Over the last fifteen years or so, Romanticists have come to recognize, belatedly, that students of this period have novels as well as poems to read. This course on Romantic fiction takes its cue from three premises that have proven crucial to this epiphany. We will assume, first, that the "rise of the novel"—that is, the novel's consolidation as a genre and its acquisition of a canon, a tradition, and authority in the literary field—occurred in the Romantic Period. The rise from disreputable beginnings to respectability is also a sequence that novels themselves narrate retroactively, sometimes doing so, naturally enough, in self-promoting ways. Second, we will explore how the novel's ascendancy at this moment depended on dialectic between two opposing impulses. On one hand, the Romantic novel has at its core the impulse (also an element in the antiquarian and literary-historical interests of the era) to revive romance—to recover archaic ways of believing and of suspending disbelief that were felt to be vanishing into the nation's past. On the other hand, the novel's "rise" in the generic hierarchy in the early 1800s had much to do with the savvy way in which novelists, composing what we might call "footnote novels," linked their fictions to the new discourses of the modern fact, and to the nation-making genre of history particularly.
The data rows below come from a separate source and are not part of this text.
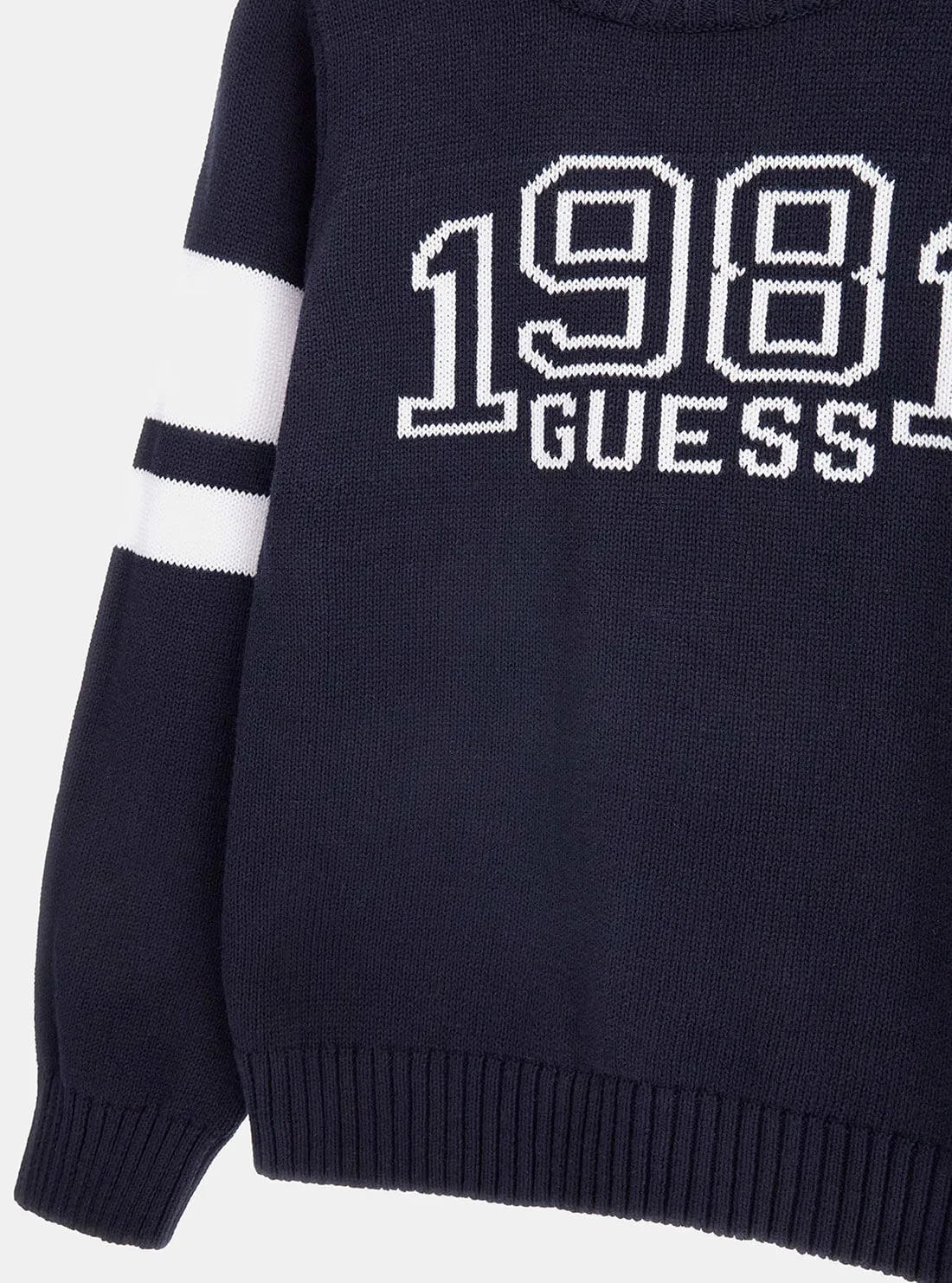 Dark Blue 1981 Logo Knit Top (7-16)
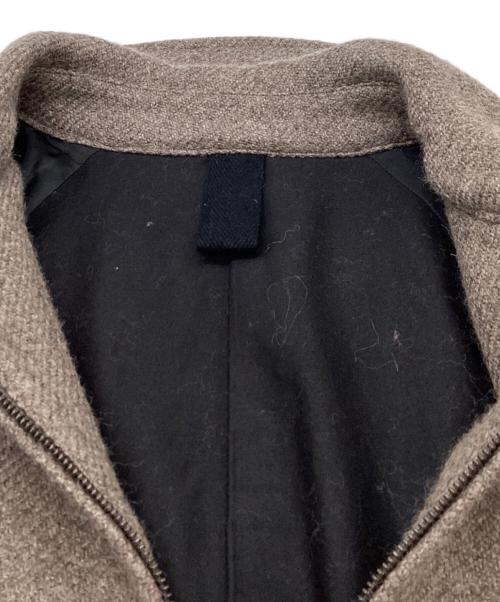 MARGARET HOWELL（マーガレットハウエル）MARGARET HOWELL (マーガレットハウエル) NATURAL WOOL TWILL / ダブルジップ ハーフ コート ブラウン サイズ:Sの古着・服飾アイテム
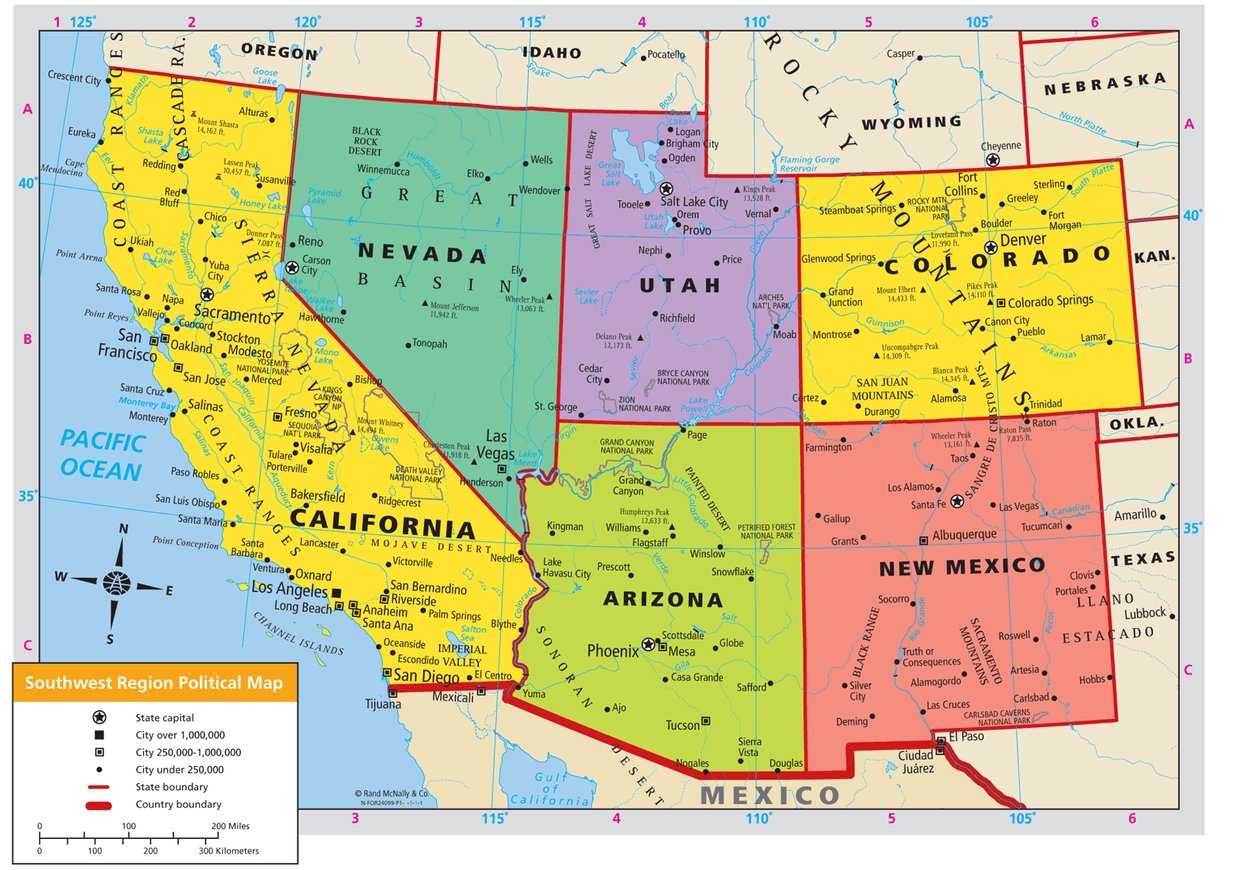 Southwest USA Travel Google My Maps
Third, we will observe that the novel's rise related to its evolving gender politics—a fact not unrelated to the previous two points. Engaging these issues, we will read several novels by two writers to whom histories of the British novel have assigned pivotal, one might even say parental, roles. These two have, moreover, been used to represent two pathways for the novel as it developed through the nineteenth century and beyond: the novel of manners (domestic novel) and the historical romance. One of the goals of the course is to explore these positions and representations in terms of the gendered and national narratives they offer; another is to open up questions of history and romance within the novels themselves.

Dr. Miranda Wilcox, "Tolkien, Lewis, and Medieval Literature"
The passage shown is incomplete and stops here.